--- Information supplied Enclosed Below ---

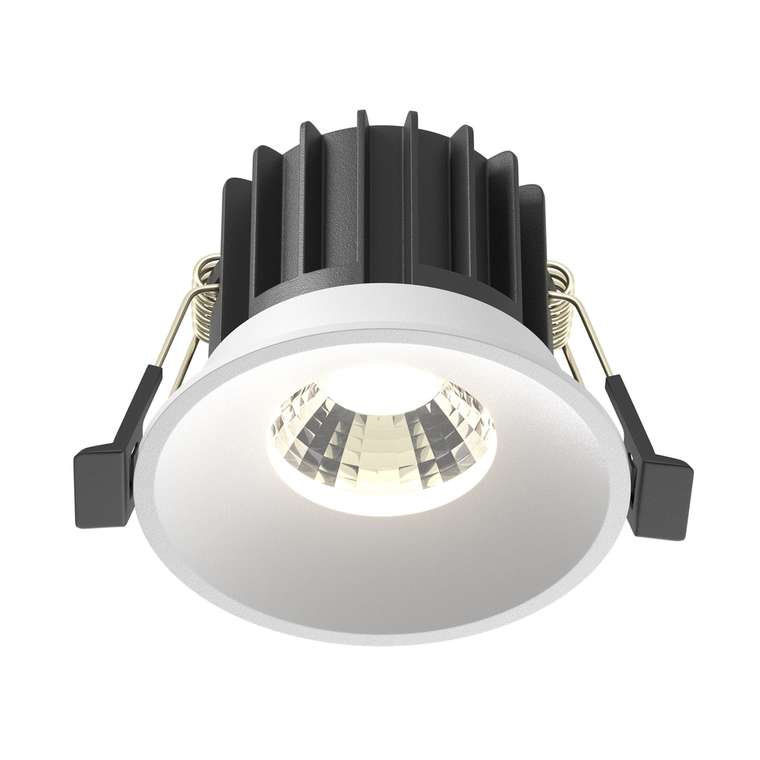 Встраиваемый светильник Technical DL058-12W-DTW-W Round Downlight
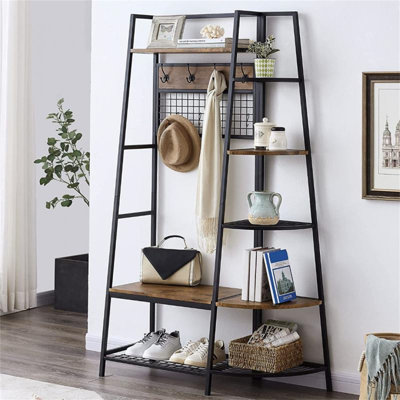 Iron Hall Tree with Bench and Shoe Storage by 17 Stories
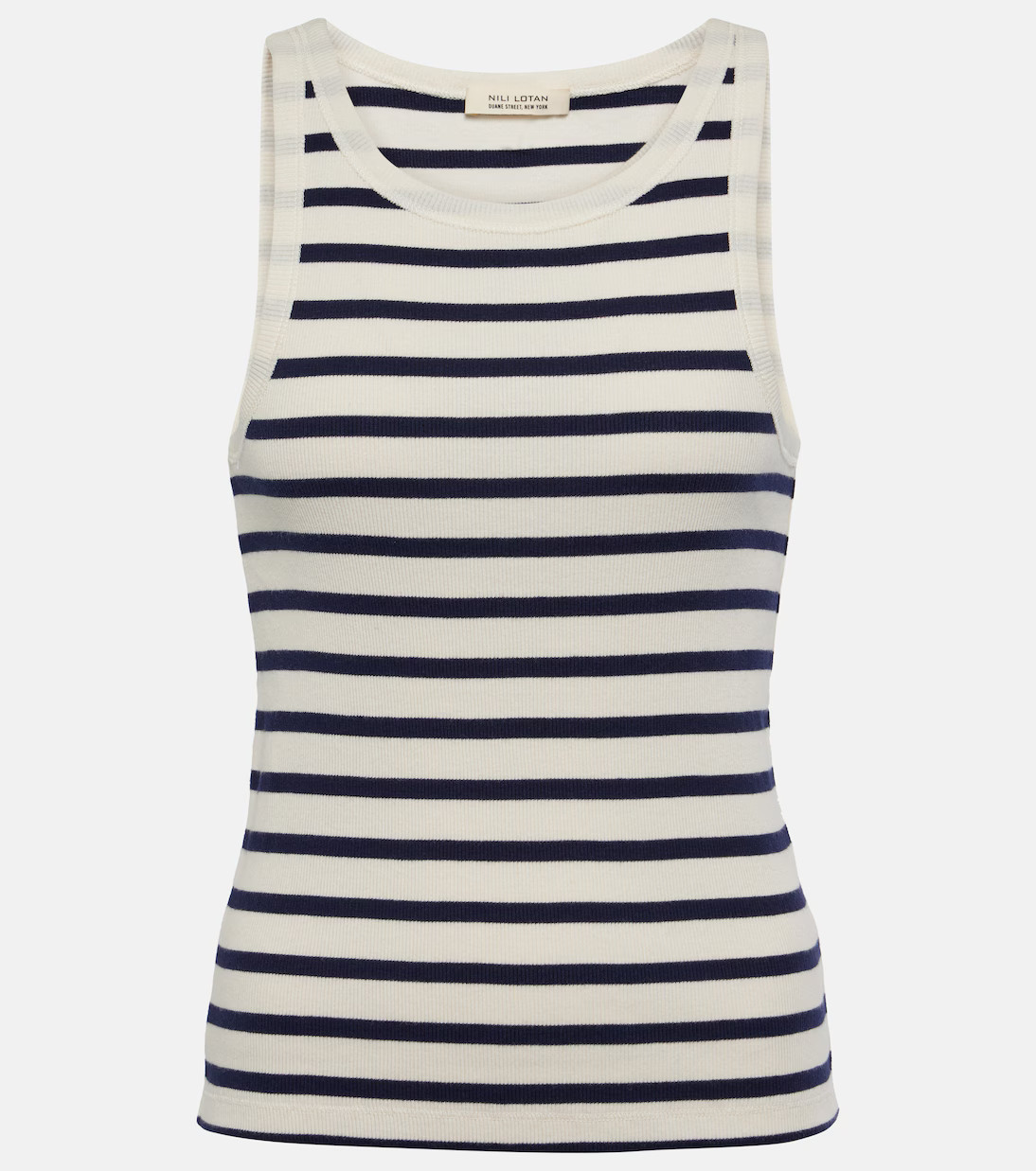 Striped cotton tank top | Mytheresa (US/CA)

--- End of Enclosed Information supplied ---

■ Exercise aim ■
Nothing but the pictures should be left out when the material above is copied.

■ Answer box ■
 Встраиваемый светильник Technical DL058-12W-DTW-W Round Downlight
 Iron Hall Tree with Bench and Shoe Storage by 17 Stories
 Striped cotton tank top | Mytheresa (US/CA)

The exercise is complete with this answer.